> Exercise requirements
Using the listing below, extract each line that has the word "Chapter" in it.

(Material to process Opens)

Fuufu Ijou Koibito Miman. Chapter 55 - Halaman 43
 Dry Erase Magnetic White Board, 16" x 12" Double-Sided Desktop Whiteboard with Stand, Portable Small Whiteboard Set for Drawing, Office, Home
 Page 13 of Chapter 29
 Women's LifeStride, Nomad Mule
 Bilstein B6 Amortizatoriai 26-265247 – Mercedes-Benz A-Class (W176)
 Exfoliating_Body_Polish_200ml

(Material to process Closes)

> Answer
Fuufu Ijou Koibito Miman. Chapter 55 - Halaman 43
 Page 13 of Chapter 29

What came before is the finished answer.